Moreover, treatment heterogeneity across disease stages and lines of therapy limits the interpretability of treatment-specific outcomes and precludes a formal assessment of predictive value. Systemic therapy choices and radiotherapy approaches were individualized rather than protocol-driven, and detailed information on specific drug regimens, radiation dose, and treatment fields was not consistently available across centers.

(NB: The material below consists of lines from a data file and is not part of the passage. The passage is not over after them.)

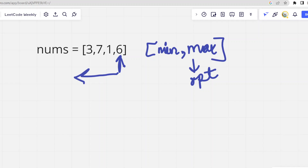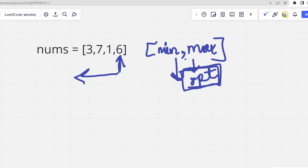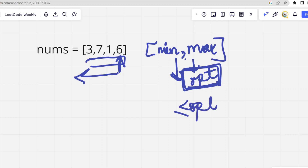Now, since the optimal maximum always lies in the range from minimum to maximum of the array, we take a candidate value and try to make all elements of the array less than or equal to this optimal value. That is the meaning of the maximum — we want all elements to be less than or equal to our chosen optimal.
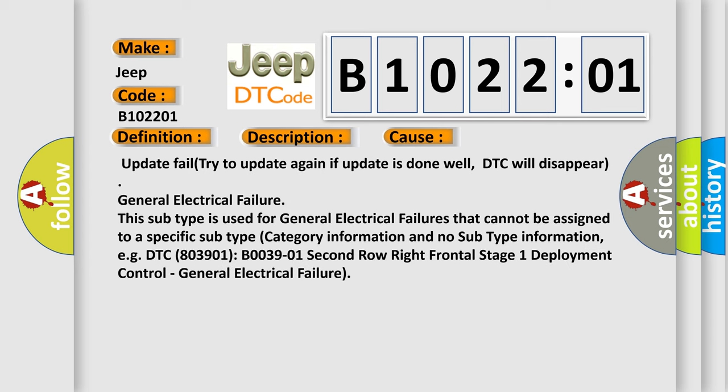General electrical failure: This subtype is used for general electrical failures that cannot be assigned to a specific subtype category information and no subtype information. For example, DTC B003901 2nd Row Right Frontal Stage 1 Deployment Control General Electrical Failure.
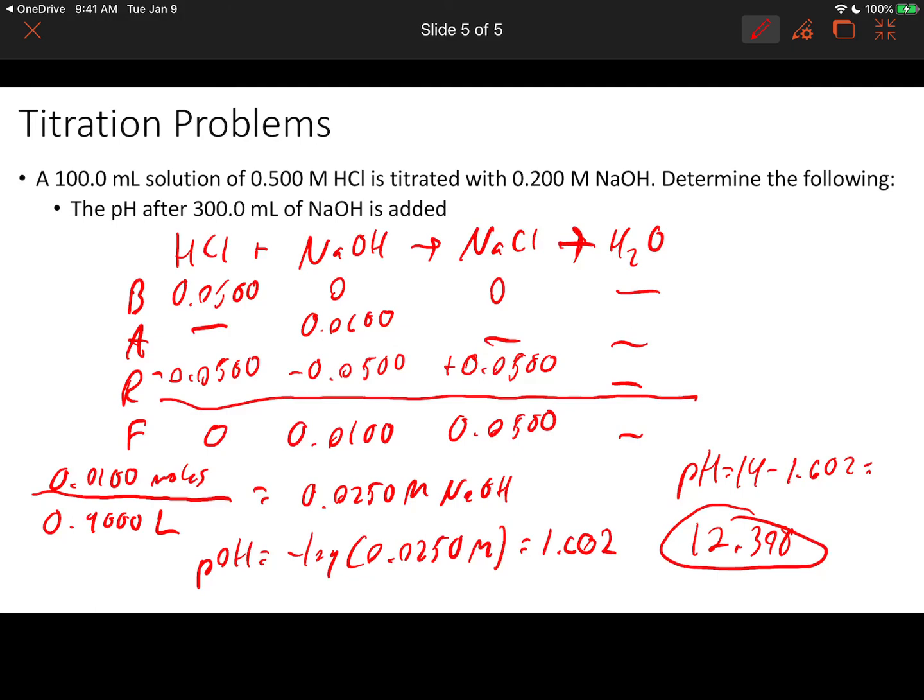I hope these calculations shed a little bit of light on how to treat a strong acid-strong base titration in terms of calculating the pH at various points along the pH titration curve.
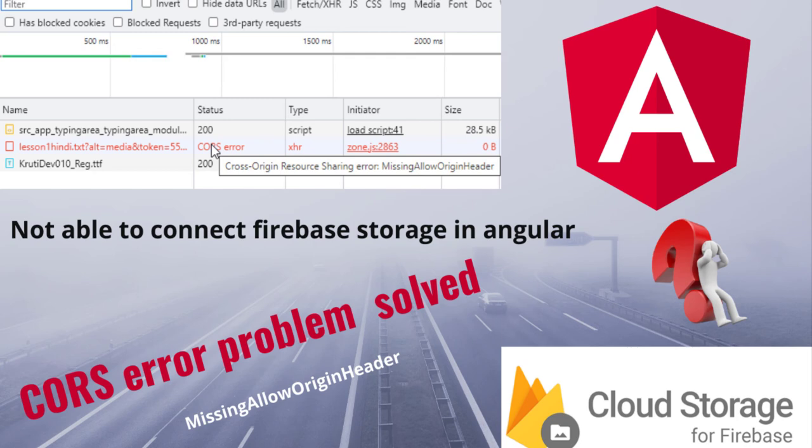Hi, so how to resolve this CORS origin problem. Whenever I'm trying to connect Firebase Storage in my Angular application, I was getting this problem.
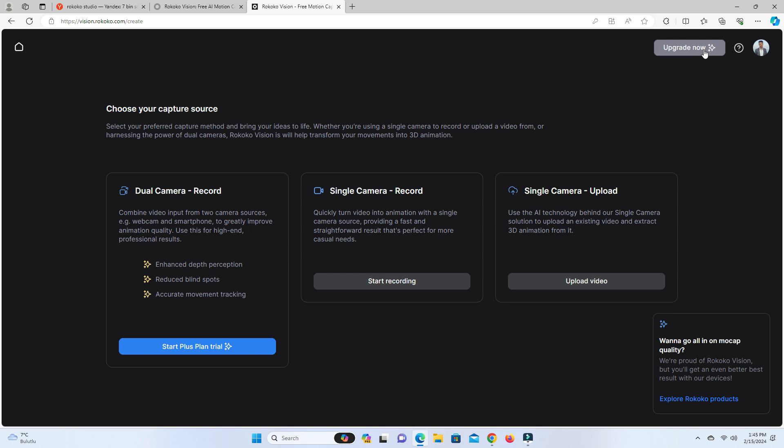There are three capture methods here. The first one is Dual Camera Record. This is the best method to get accurate motion captures — you need to record your movements with two cameras, but this method is paid. The other two methods are completely free and they work with a single camera.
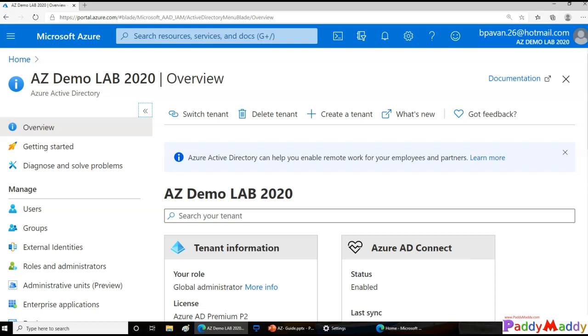Hello and welcome back. In this short lecture, we're going to try to create a bulk set of users directly from Azure Portal. Yes, we don't need to use even PowerShell. You can do this directly from the Azure Portal.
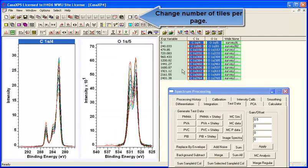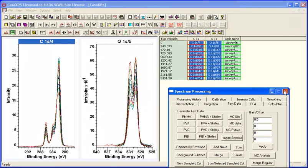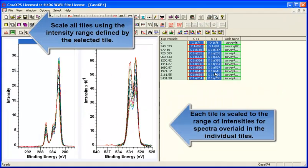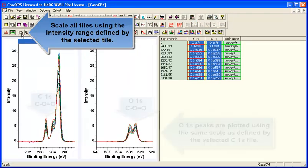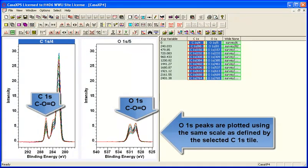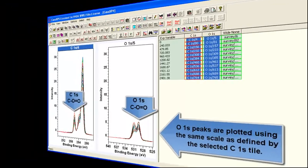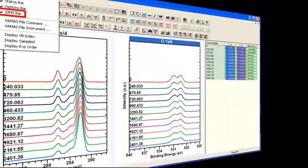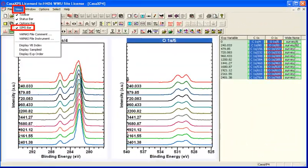So having displayed these two sets of spectra overlaid in distinct tiles, there's an option on the SIMS toolbar that lets you adjust the intensity of the oxygen so that it is displayed in the same proportion as you see in the carbon.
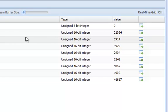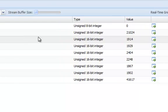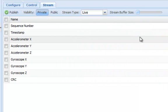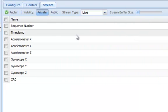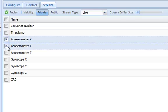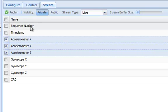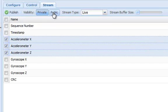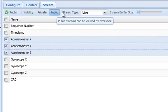To publish data live over the internet, I can, for example, select the accelerometer variables, as well as a stream type, and click the publish button.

Finally, molecular characterization was restricted to routinely available clinical assays. Data on mutation clonality, variant allele frequency, and comprehensive downstream PI3K pathway alterations were not consistently available, precluding a more refined biological stratification of PIK3CA-altered tumors. In addition, detailed information on the specific molecular testing methodologies used across centers was not systematically collected.

5. Conclusions

5. Conclusions
NSCLC-harboring PIK3CA alterations represents a heterogeneous and understudied molecular subgroup. This study provides a descriptive overview of the clinical and molecular characteristics of NSCLC-harboring PIK3CA alterations in a real-world multicenter setting. In our cohort, these alterations were associated with frequent co-mutations, smoking history, and low PD-L1 expression. In early-stage disease, PIK3CA mutations appeared to correlate with shorter time to progression, although their definitive prognostic significance remains unclear. In the metastatic setting, survival outcomes and treatment responses were heterogeneous, and no consistent differences emerged across systemic therapy types.
These findings should be interpreted within the context of the study limitations, particularly the small sample size and the absence of a matched PIK3CA wild-type control cohort. Nevertheless, they provide preliminary insights that warrant further investigation in larger, prospective, and molecularly stratified cohorts.